The results of the present study regarding the cost-effectiveness of prophylactic LPI can be generalised to some countries. For example, in Korea, the cost of glaucoma treatment is comparable with that in Japan, and the willingness-to-pay threshold is estimated to be approximately 3 million JPY (30,000,000 South Korean Won) per QALY [35]. Consequently, prophylactic LPI for PACS in Korea would be cost-effective as the probability of LPI being cost-effective was approximately 65% at the Korean threshold. Several costs in China were beyond the ranges in the current analysis; for example, the estimated treatment costs of PACS, PAC, and PACG were lower, whereas those of unilateral and bilateral blindness were higher than their counterparts in Japan [9]. The one-way deterministic sensitivity analysis showed that the costs of blindness hardly influenced the ICER; in contrast, the decreased first-year cost of PACS in the LPI group reduced the ICER. Therefore, as the willingness-to-pay threshold in China was estimated as 23,850 US dollars (approximately 3 million JPY) per QALY [9], prophylactic LPI would also be cost-effective.

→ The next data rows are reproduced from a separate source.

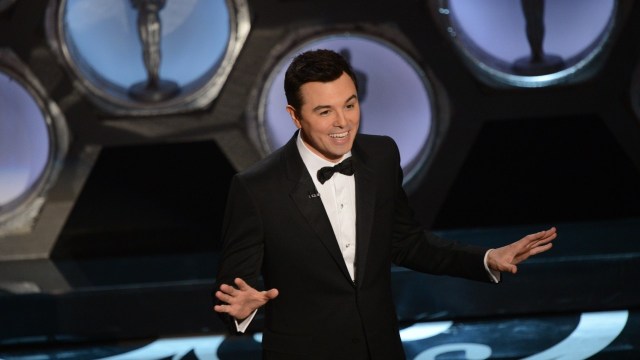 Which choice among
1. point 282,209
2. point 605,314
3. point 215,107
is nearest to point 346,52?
point 215,107

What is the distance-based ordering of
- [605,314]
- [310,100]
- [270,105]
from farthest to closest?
[270,105] → [605,314] → [310,100]

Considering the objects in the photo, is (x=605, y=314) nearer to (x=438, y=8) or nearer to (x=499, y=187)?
(x=499, y=187)

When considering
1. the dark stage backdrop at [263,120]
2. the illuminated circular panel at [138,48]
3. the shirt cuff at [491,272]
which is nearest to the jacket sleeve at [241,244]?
the shirt cuff at [491,272]

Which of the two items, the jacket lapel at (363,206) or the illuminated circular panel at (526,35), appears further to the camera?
the illuminated circular panel at (526,35)

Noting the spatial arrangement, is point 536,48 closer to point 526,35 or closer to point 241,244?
point 526,35

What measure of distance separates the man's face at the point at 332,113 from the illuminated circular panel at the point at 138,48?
98.6 inches

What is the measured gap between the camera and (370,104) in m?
4.16

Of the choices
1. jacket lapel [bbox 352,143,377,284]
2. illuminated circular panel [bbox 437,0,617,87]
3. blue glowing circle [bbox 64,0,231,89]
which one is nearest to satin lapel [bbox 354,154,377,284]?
jacket lapel [bbox 352,143,377,284]

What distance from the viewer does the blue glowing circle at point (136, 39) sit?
4.12m

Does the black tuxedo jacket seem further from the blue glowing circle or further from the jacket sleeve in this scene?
the blue glowing circle

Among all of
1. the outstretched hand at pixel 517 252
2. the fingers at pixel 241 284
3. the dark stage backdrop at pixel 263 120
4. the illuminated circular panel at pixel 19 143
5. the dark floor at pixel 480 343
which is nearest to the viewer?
the fingers at pixel 241 284

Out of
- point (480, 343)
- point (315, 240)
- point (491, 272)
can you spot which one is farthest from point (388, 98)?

Our study had some limitations. First, although we attempted to estimate the parameters using real-world data in Japan, we were unable to obtain some parameters, such as utilities and the transition probabilities. We referred to studies conducted in Asian countries in such situations. Second, we were unable to consider the influence of cataracts and cataract surgery. Cataract surgery can be performed before the age of 60 years in some cases showing early progress. The cost-effectiveness of prophylactic LPI in such patients remains unknown. Third, the timings of the transitions are not necessarily at the end of each cycle. However, half-cycle correction was not performed as the correction reportedly changes the ICER by <1% [36]. Lastly, although the results are possibly generalisable to Korean and Chinese populations, they cannot be generalised to populations across the world.

In conclusion, compared with observation, prophylactic LPI for middle-aged patients with PACS was estimated to be cost-effective in Japan.

Summary

What was known before

  • Prophylactic laser peripheral iridotomy for primary angle-closure suspect was effective in reducing the progression to primary angle closure and primary angle-closure glaucoma.

  • Although the prevalence of primary angle-closure suspect is high in Asia, the cost-effectiveness of prophylactic laser peripheral iridotomy for primary angle-closure suspect remains unknown.

What this study adds

  • Our results indicate that prophylactic laser peripheral iridotomy for middle-aged patients with primary angle-closure suspects is cost-effective in Japan.

  • Prophylactic laser peripheral iridotomy can be recommended for middle-aged patients with primary angle-closure suspect.